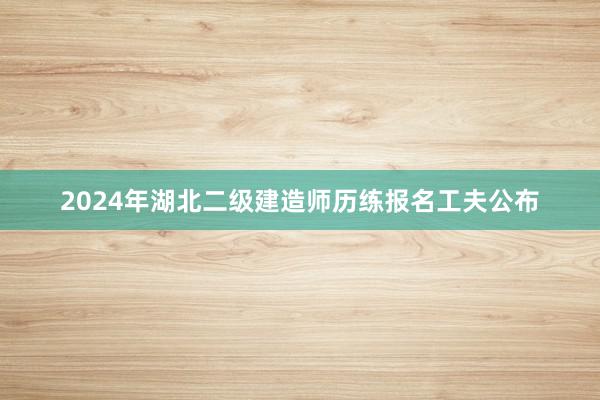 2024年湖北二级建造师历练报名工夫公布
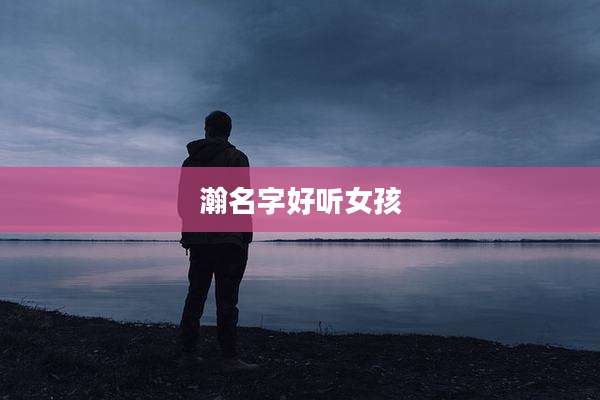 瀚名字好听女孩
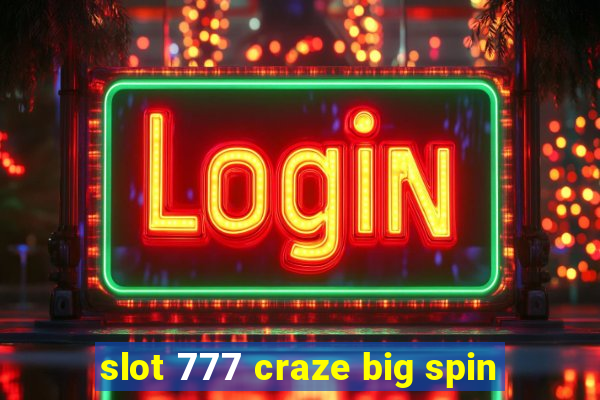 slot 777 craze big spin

==

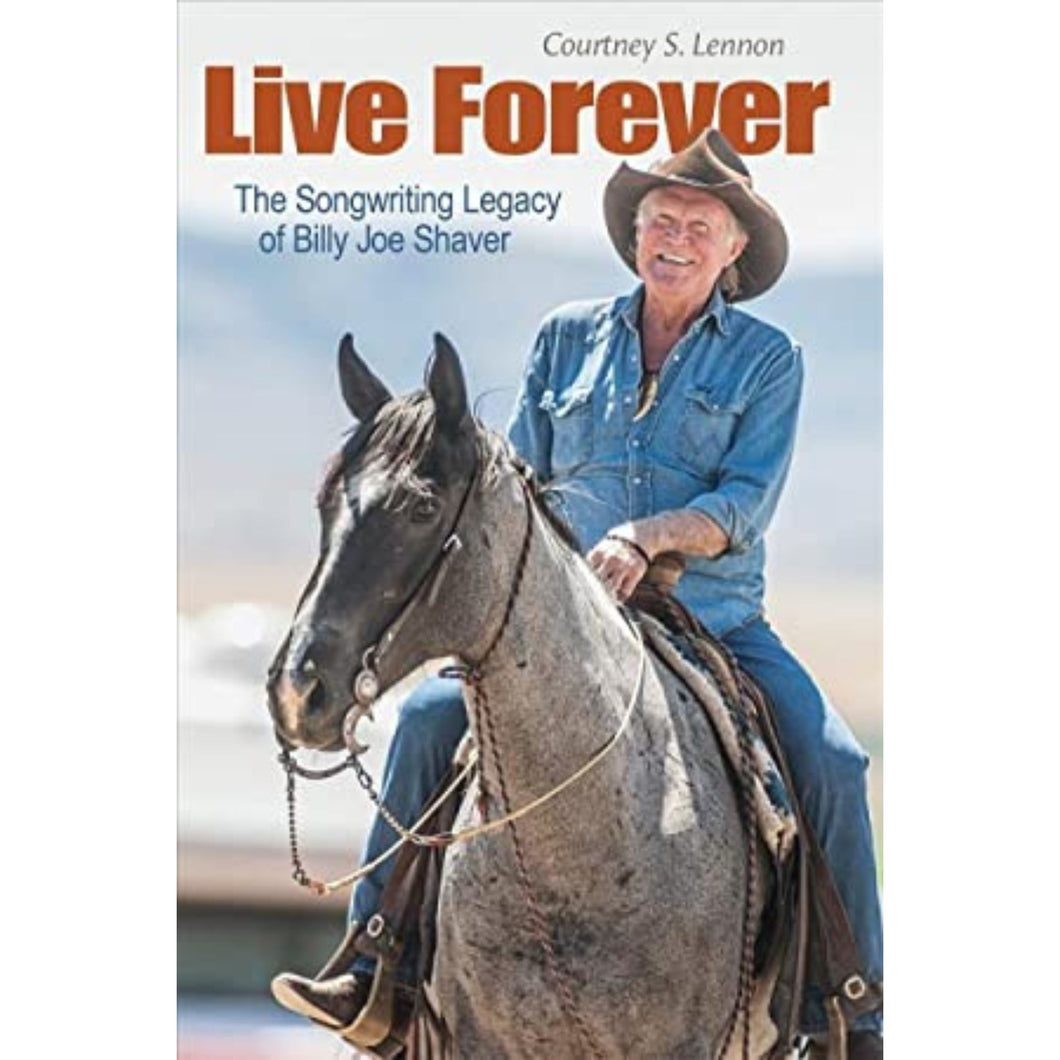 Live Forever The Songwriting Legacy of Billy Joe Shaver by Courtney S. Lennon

** ACTIVITY **
In the data above, find the line containing "2024年湖北二级建造师历练报名工夫公布" and the line containing "slot 777 craze big spin". Copy exactly the stretch from the first through the second, both included, leaving out any picture.

** EXERCISE SOLUTION **
 2024年湖北二级建造师历练报名工夫公布
 瀚名字好听女孩
 slot 777 craze big spin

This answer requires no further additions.